Bem, tudo o que escrevi tem a ver com post aqui neste blog  com o título Sobre indignações cínicas e Serôdias, do amigo Aetano. Confesso que precisei recorrer ao dicionário.  Serôdio do latim serotinus - que age tarde, tardio. Adjetivo. 1. Que vem no fim da estação própria. 2. Que aparece ou acontece fora do tempo considerado próprio. 3. (Figurado) Que já se sabe há muito tempo, equivalente a antigo, velho. 

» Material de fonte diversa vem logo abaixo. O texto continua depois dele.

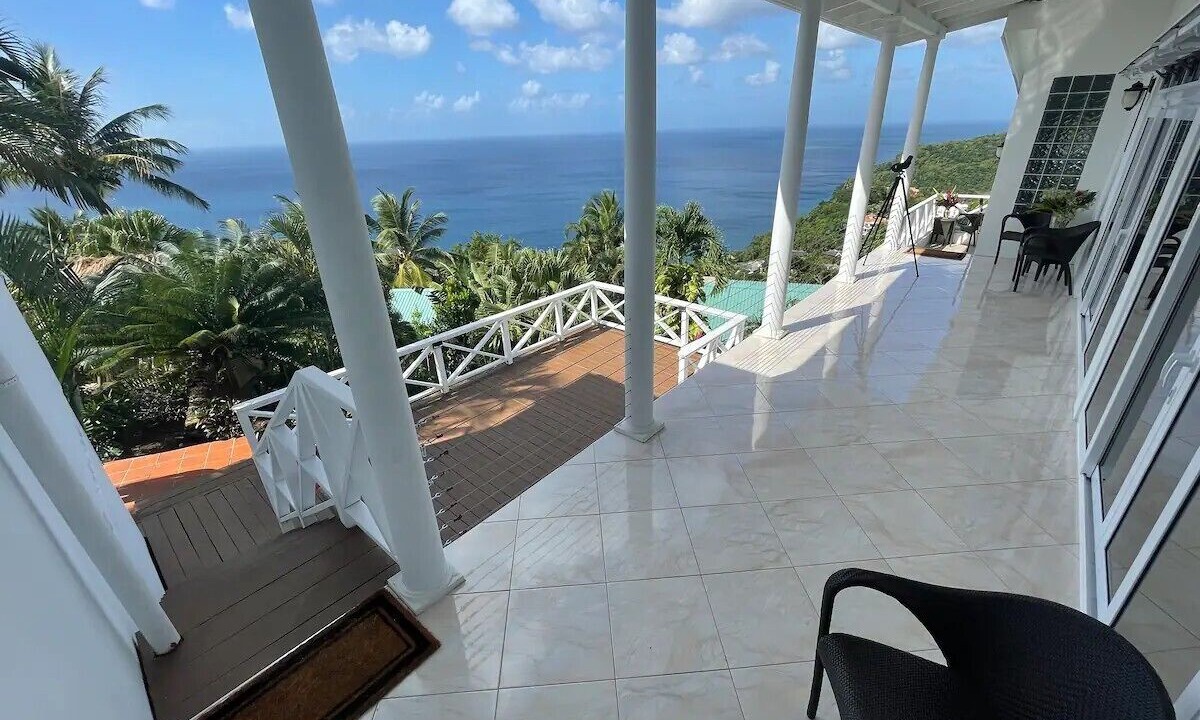 Photo of Patio Balcony in Marigot Bay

Não sei se a formação em Direito de Aetano é a causa dele nos brindar com tais pérolas. Pode ser o tipo de leituras que faz. Só sei que fico feliz quando preciso recorrer ao dicionário. Nem tudo está perdido. Há ainda pessoas neste mundo, dessas perto de nós,  que não se contentam com o linguajar da hora. Que usam natural e devidamente palavras cheias de conteúdo, ainda não desgastadas. Palavras  que reluzem feito jóias raras quando resgatadas da obscuridade ou de nichos nem sempre acessados. E nos fazem lembrar de chuvas temporãs e chuvas serôdias e o conteúdo místico que as envolvem desde o cerne.